Good personal cybersecurity hygiene can help you stay safe online
This feature first appeared in the Summer 2019 issue of Certification Magazine. Click here to get your own print or digital copy.
In our current culture our lives are completely intertwined with the thriving, evolving, occasionally endangering monument to information technology (IT) known as the internet. On a daily basis we use the internet and associated technologies for a myriad of purposes. We use it to shop and make purchases, send and receive e-mail, make appointments, socialize with family and friends, visit new websites of interest, catch up on the latest news and weather, do research, conduct our banking, download and play games, participate in education pursuits, visit dating sites, pay bills, engage in political conversations — the list is seemingly endless.
If you think about it, nearly every aspect of our daily lives and everything we do is somehow connected with the Internet. Our work, our leisure moments, our pleasure, and our frustrations, are quite often linked in some manner to the internet via our computers and, increasingly, the use of our smartphones.
How often do we reach for our smartphones? By some estimates the average American uses a smartphone for some purpose every 10 minutes! A report in Time magazine found that “Americans collectively check their smartphones upwards of 8 billion times per day.” That represents a tremendous amount of interaction with organizations and people via the Internet.

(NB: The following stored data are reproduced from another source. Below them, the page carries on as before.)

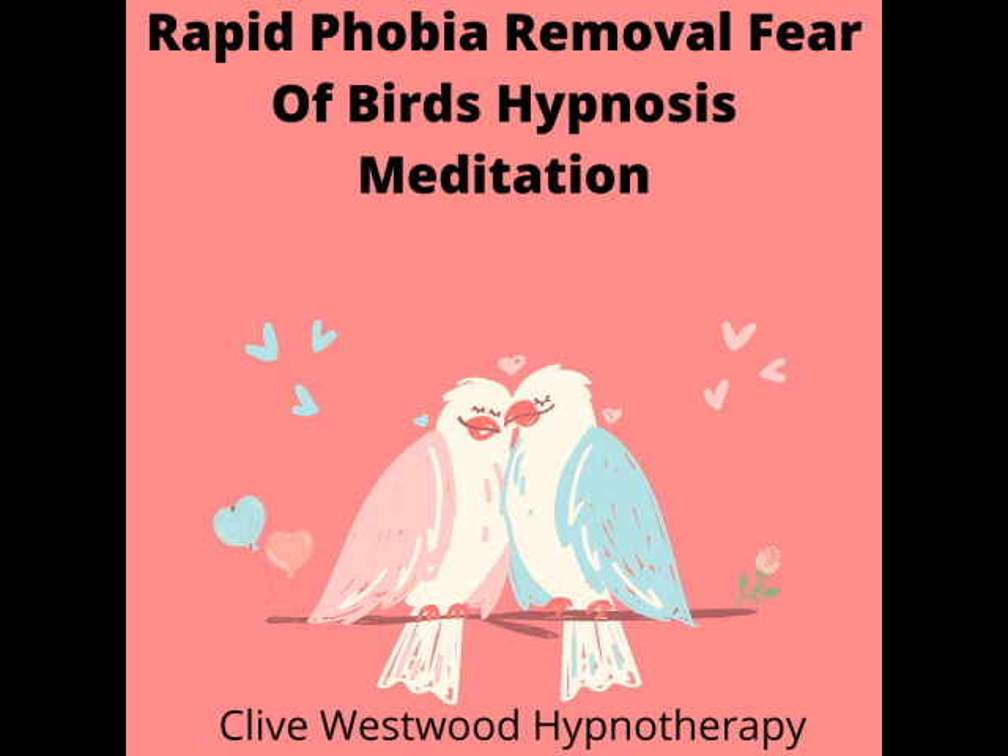And now, take a third deep breath, hold it and exhale and relax. With each breath that you take, allow yourself to relax deeper and deeper. Each breath deeper and longer than the last. And with each breath, you relax more and more. The more you relax, the better you feel.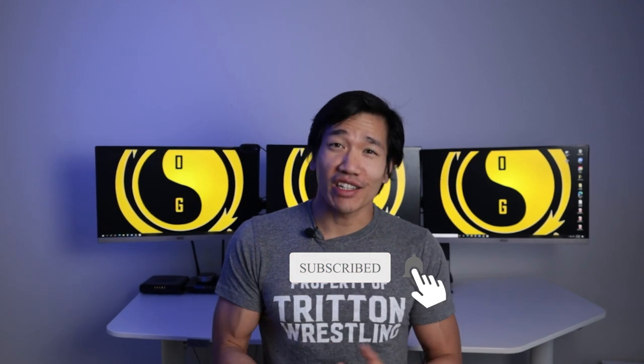Before I dive in, take a moment to subscribe to the channel, like the video, and click on the notification bell to be notified when I post videos. Here we're all about a smarter and more sustainable approach to fitness and martial arts for older dudes.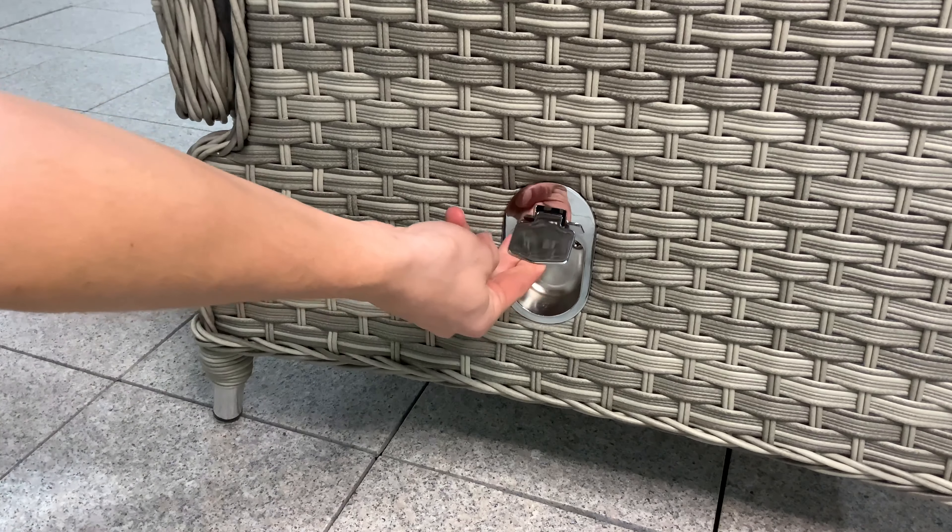By using the handle at the side, chairs and sofa ends can be reclined to your desired position.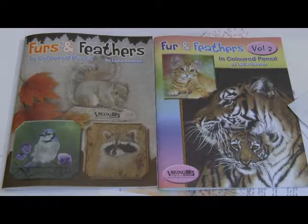Colored pencil continues to be a popular medium for artists and there are so many styles and techniques out there for you to explore. I've definitely found some that are going to be my favorites. Fur and Feathers Volume 1 gives more of an overview of some of the more popular techniques, while Fur and Feathers Volume 2 features primarily the ones that I enjoy using and that work for me.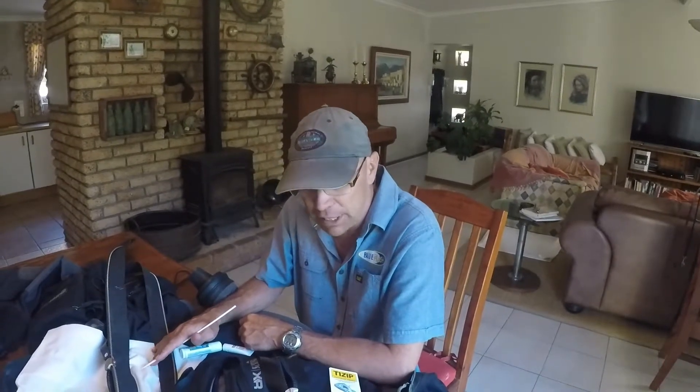Welcome to Blue Flash HQ. Today we'd like to give you some information about dry suit zips — some detailed information which is not readily available.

As we contentedly go about the daily usage of our devices, we generally give scant thought to the dangers that often lurk beneath the friendly and accommodating surface of the Internet. Yet hackers and other digital malefactors, those with evil intent, are constantly seeking to steal our personally identifying information (PII) or breach the security of the firms, merchants, and agencies that engage us in various transactions.
In discussing the “Top Hacks and Internet Breaches of 2018,” blogger James Watson writes that, “Hundreds of millions of people suffered at the hands of these attacks as their sensitive information and data was exposed and sold on the dark web.” Just in the past year, numerous big-name organizations were breached and customer data exposed.
Everyone is at risk
For example, Facebook was victimized by a hack that exposed 29 million users, Google suffered a data breach that affected 52.5 million users, and an attack on MyHeritage pinned down 92 million users like insects trapped for a 7th-grade science project. Believe it or not, those were the “small potatoes” hacks.
If we move up to the “adult” table the news is really grim. A breach perpetrated against business and consumer data brokerage firm Exactis stole information connected to 340 million people. A whopping 500 million people — roughly one-fifteenth of the entire global population — were victimized by the Marriott Starwood Hotels data breach. Though often ignored due to complacency, the danger of doing just about anything online is real.
As consumers, there is little we can do about the cybersecurity that organizations have in place to protect our information. We place our trust in them to be ethical stewards and provide the best security available — not just check the “basic” security boxes and then take out cybersecurity insurance.
Unfortunately, we must also grudgingly accept that no security is perfect and that, despite even robust and seemingly thoroughgoing good faith efforts, breaches will occur. After all, there were by some estimates nearly 1 billion global victims of cybercrime last year. Are you a citizen of the world? There a slightly better than one-in-seven chance you got dinged.
Don’t stand out so much
While we can’t control the cybersecurity practices of organizations we deal with, there are many things that the average person can do to lessen their vulnerability to cybercrime. No amount of personal caution will entirely protect you, but good cybersecurity hygiene is at worst a deterrent and at best could keep you entirely out of the next big breach story to hit the evening news.
To begin with, each of us needs to lessen our “footprint” in the world of technology. For example, you can start by eliminating unnecessary credit cards and store charge accounts. The more accounts you have open, the more vulnerable you are to cyberattackers. Sure, it’s tempting to take advantage of that 5 percent discount at checkout by signing up for a new credit card or rewards program, but that only makes you a bigger target. The point is to lessen your vulnerability, not increase it.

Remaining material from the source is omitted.